*DESCRIPTION OF THE TASK*. Once you reach the line with "Craft Cider Can Selection Gift Box", transcribe it and every line after it to the end of the records, exactly, but not the pictures.

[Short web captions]
* * *

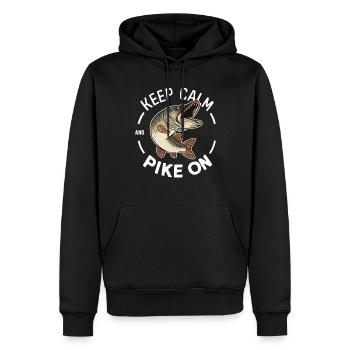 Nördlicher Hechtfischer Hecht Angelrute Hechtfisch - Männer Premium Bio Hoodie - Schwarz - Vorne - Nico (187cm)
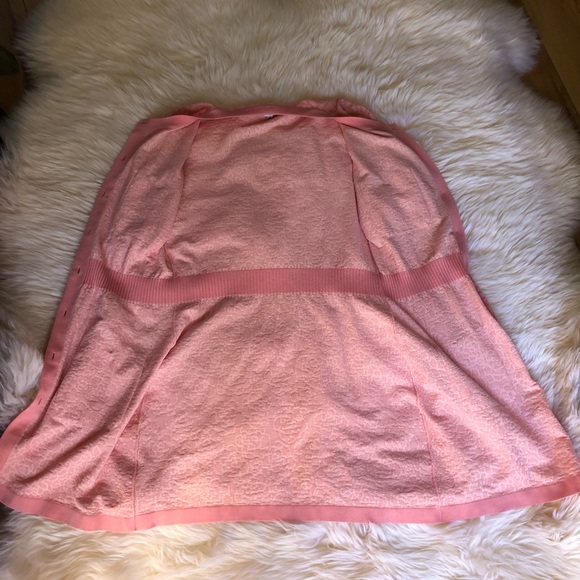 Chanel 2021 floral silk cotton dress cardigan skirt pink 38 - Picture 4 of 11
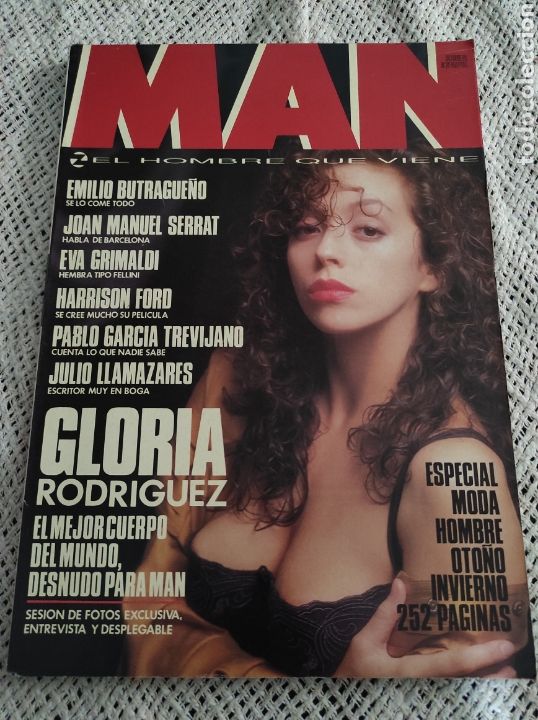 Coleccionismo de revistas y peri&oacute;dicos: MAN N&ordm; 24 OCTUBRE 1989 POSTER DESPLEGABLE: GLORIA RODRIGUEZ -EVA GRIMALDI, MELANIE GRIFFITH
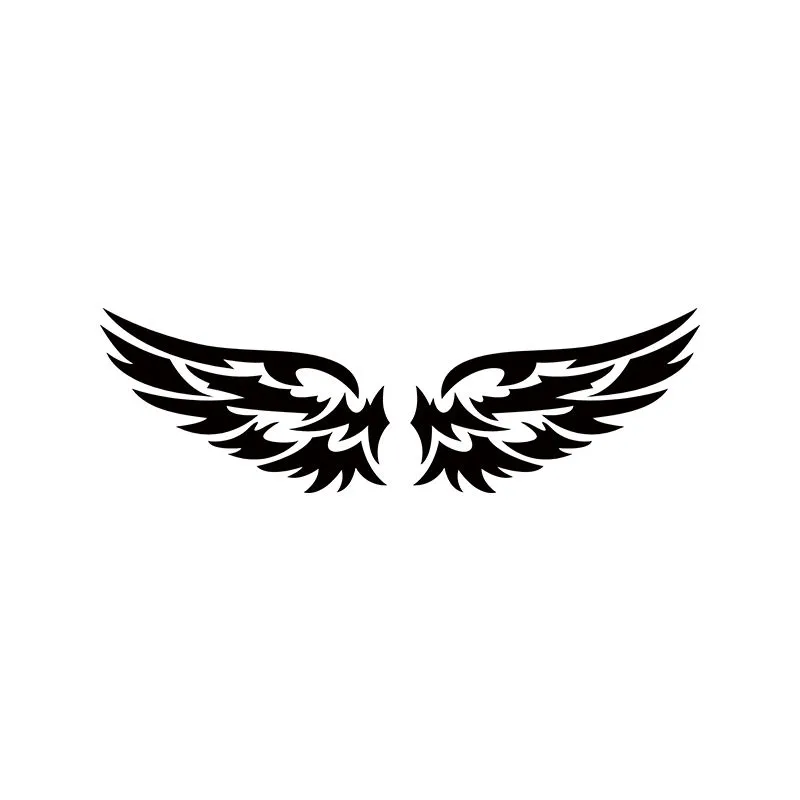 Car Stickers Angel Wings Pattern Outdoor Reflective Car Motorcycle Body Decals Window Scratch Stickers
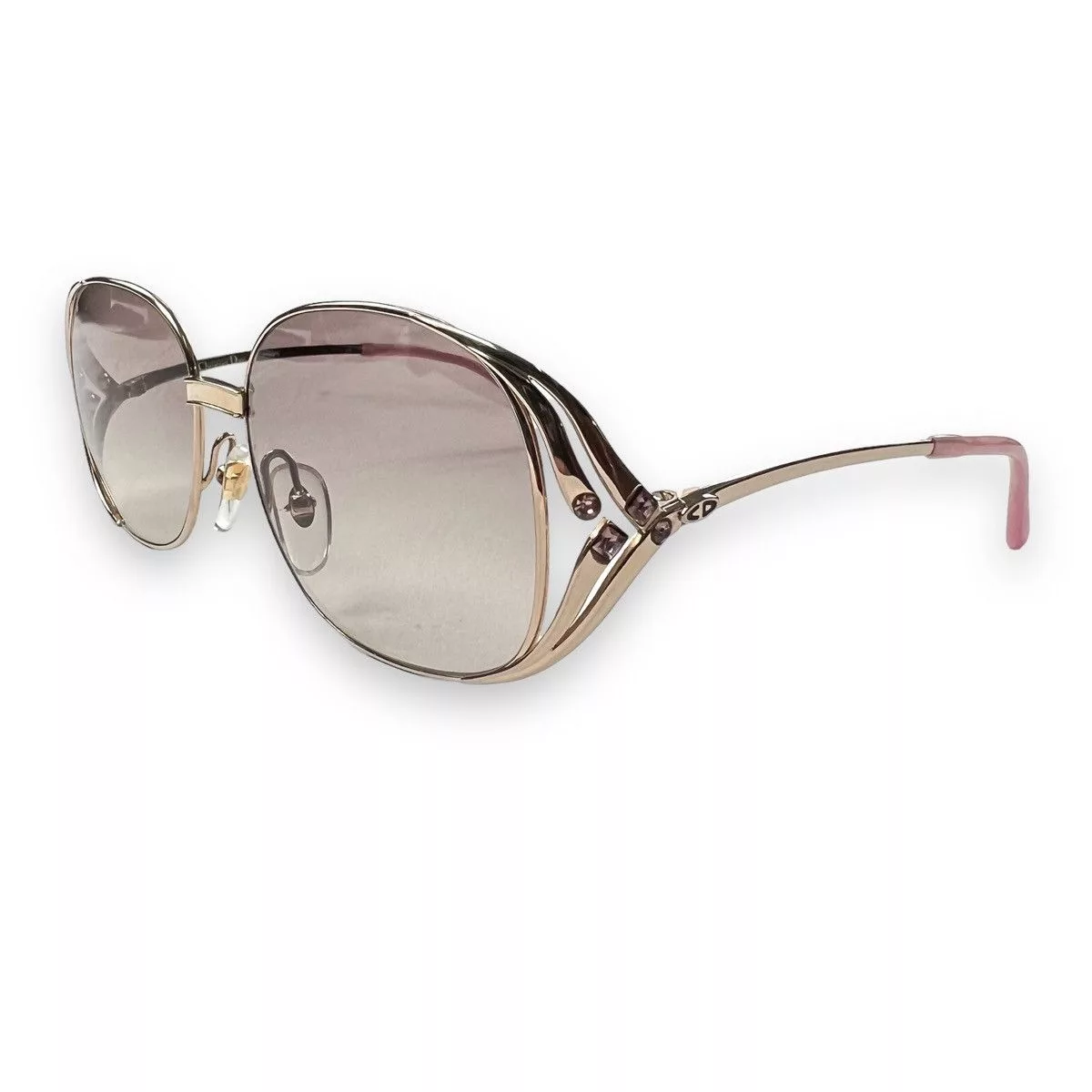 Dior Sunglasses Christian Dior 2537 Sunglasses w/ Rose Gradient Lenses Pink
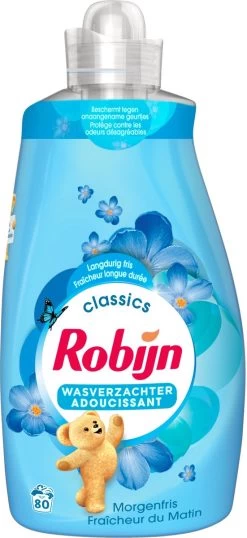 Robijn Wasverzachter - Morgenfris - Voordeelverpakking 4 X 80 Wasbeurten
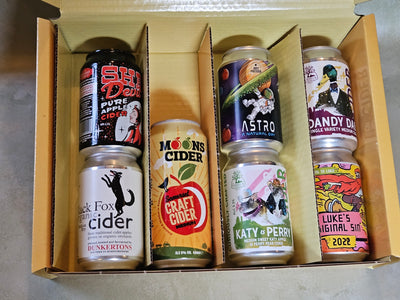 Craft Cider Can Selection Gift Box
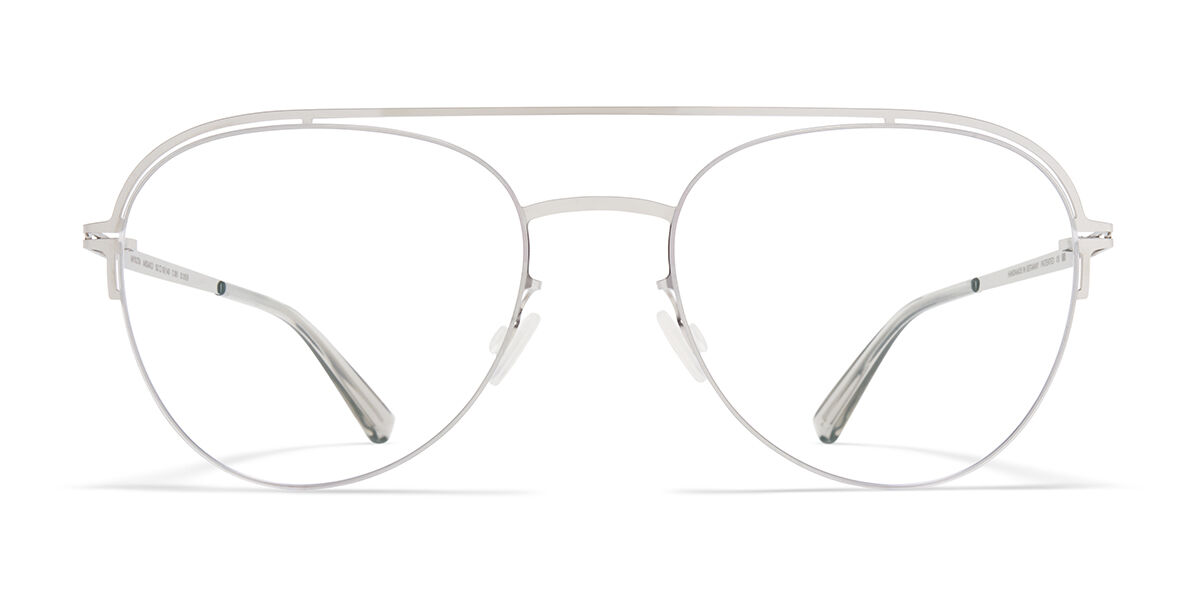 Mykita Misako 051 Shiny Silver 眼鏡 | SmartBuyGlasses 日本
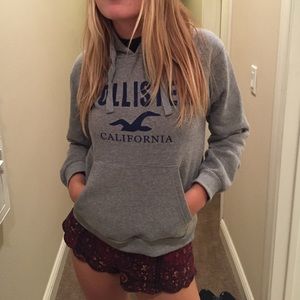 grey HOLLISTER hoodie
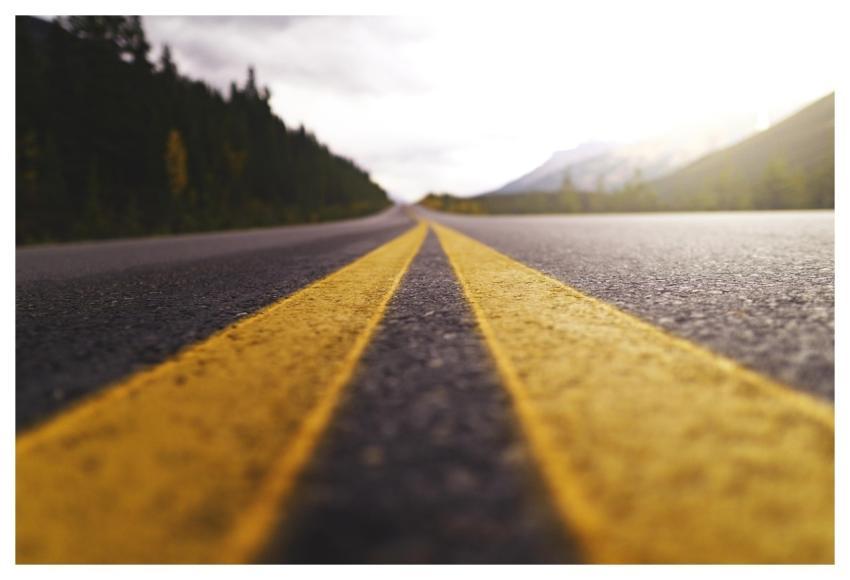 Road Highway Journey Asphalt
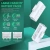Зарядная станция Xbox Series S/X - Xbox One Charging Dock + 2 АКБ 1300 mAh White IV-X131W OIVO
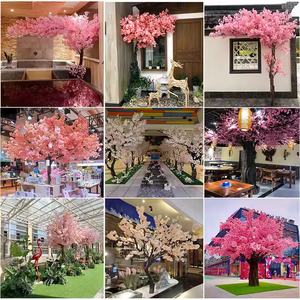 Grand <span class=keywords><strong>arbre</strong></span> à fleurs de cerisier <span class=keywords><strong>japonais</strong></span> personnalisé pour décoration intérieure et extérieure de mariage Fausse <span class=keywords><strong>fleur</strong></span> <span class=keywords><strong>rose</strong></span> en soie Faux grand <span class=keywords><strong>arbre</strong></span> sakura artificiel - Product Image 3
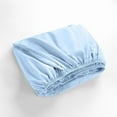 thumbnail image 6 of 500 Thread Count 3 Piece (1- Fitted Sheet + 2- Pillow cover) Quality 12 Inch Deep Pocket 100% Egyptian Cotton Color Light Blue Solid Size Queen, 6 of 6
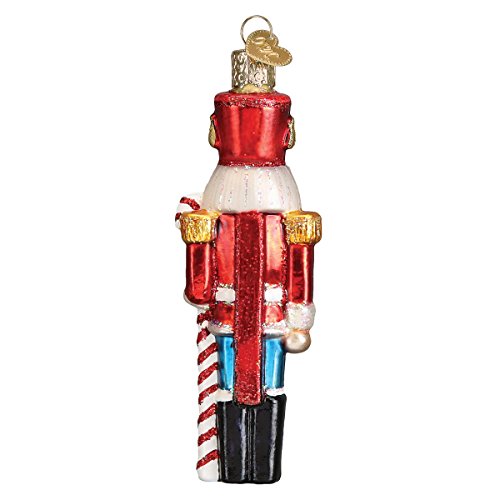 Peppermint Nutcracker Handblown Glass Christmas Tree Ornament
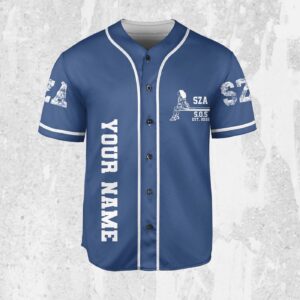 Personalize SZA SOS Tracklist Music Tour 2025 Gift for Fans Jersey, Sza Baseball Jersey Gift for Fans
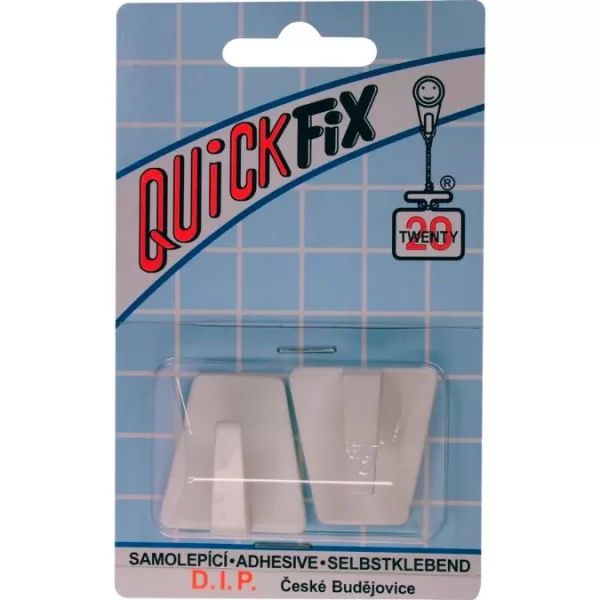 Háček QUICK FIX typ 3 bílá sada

* * *

*EXERCISE ANSWER*.
 Craft Cider Can Selection Gift Box
 Mykita Misako 051 Shiny Silver 眼鏡 | SmartBuyGlasses 日本
 grey HOLLISTER hoodie
 Road Highway Journey Asphalt
Зарядная станция Xbox Series S/X - Xbox One Charging Dock + 2 АКБ 1300 mAh White IV-X131W OIVO
 Grand <span class=keywords><strong>arbre</strong></span> à fleurs de cerisier <span class=keywords><strong>japonais</strong></span> personnalisé pour décoration intérieure et extérieure de mariage Fausse <span class=keywords><strong>fleur</strong></span> <span class=keywords><strong>rose</strong></span> en soie Faux grand <span class=keywords><strong>arbre</strong></span> sakura artificiel - Product Image 3
 thumbnail image 6 of 500 Thread Count 3 Piece (1- Fitted Sheet + 2- Pillow cover) Quality 12 Inch Deep Pocket 100% Egyptian Cotton Color Light Blue Solid Size Queen, 6 of 6
 Peppermint Nutcracker Handblown Glass Christmas Tree Ornament
 Personalize SZA SOS Tracklist Music Tour 2025 Gift for Fans Jersey, Sza Baseball Jersey Gift for Fans
 Háček QUICK FIX typ 3 bílá sada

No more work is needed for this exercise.